I think this year has inherently expanded most people’s field of vision when it comes to risk. Regardless of your trade or role, pervasive uncertainty has meant a somewhat constant anxiety — forcing each of us to imagine new scenarios beyond our more everyday responsibilities. Yet, one thing about uncertainty is it can usually be expressed through numbers. Even risk itself can be quantified. And that’s a natural starting place for any finance chief.

Our native language of digits and ledgers and models is, in fact, the language of risk. And in today’s environment where everyone’s risk point of view has changed, it’s not only incumbent upon us to speak that language, but also to teach it.

Realize that risk language can be read backwards, too. Just as the numbers can indicate liabilities, exposures and perils, they can also indicate opportunities, growth and health. Ultimately, the numbers require interpretation. They don’t, themselves, narrate — they reflect. It’s incumbent on us to interpret both the risks and opportunities, so that businesses can understand what’s ahead.

Any other aspects of your role or experience in the field you would like to share?

Like most CFOs, I take pride in being a trusted business partner to my CEO, and I find that has served me well over many years. Part of that is flexing into a role that truly supports and fosters an understanding of not only our risk exposures and profile but also enterprise health across the board — through the lens of financials.

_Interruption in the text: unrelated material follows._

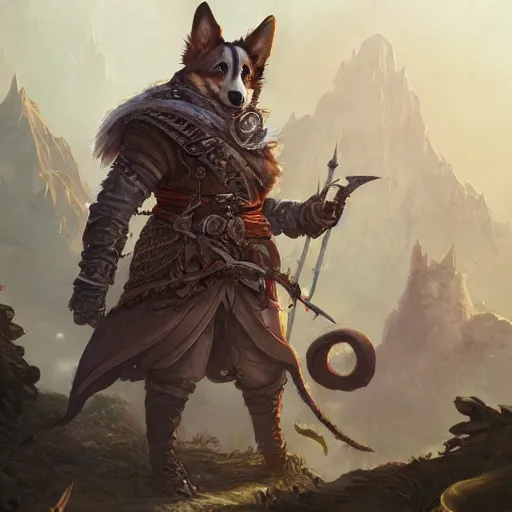 Prompt: d & d character art, corgi adventurer, fantasy, intricate, highly detailed digital illustration, artgerm, greg rutkowski, award - winning, trending on artstation, 8 k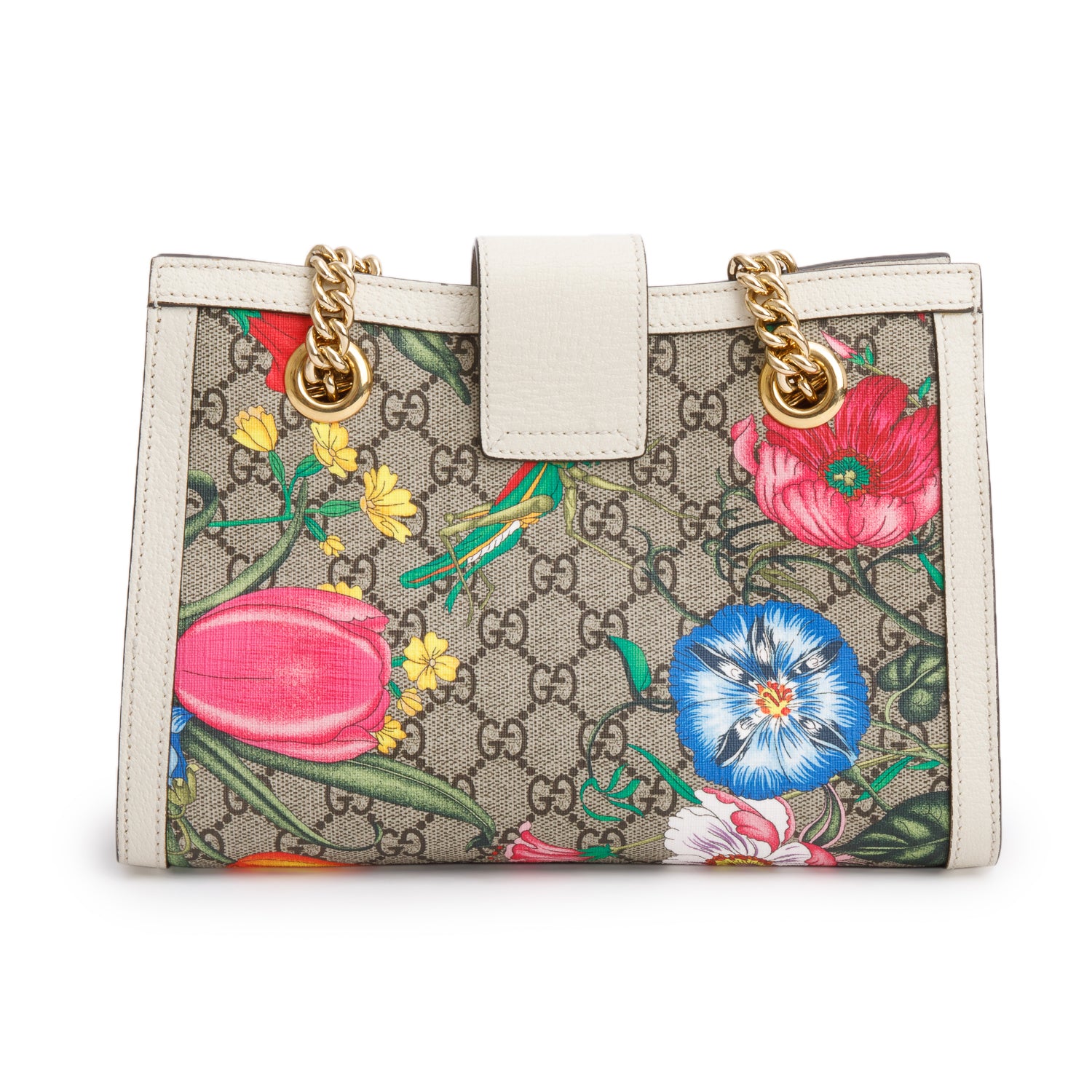 Gucci GG Supreme Monogram Flora Small Padlock Tote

These concepts, wherever they’re expressed in the business’ risk and health, aren’t enemies — they’re fraternal twins. Neither is isolated to a single department. If there is deterioration in one area of the business, however acutely, other departments will have to compensate with time, talent or other resources.

Conversely, when performance is collectively good, there’s more capital available for R&D, ESG, cyber, compliance and other investments. Financial health is foundational and it’s dependent on collaboration. The core of successful collaboration is speaking the same risk language.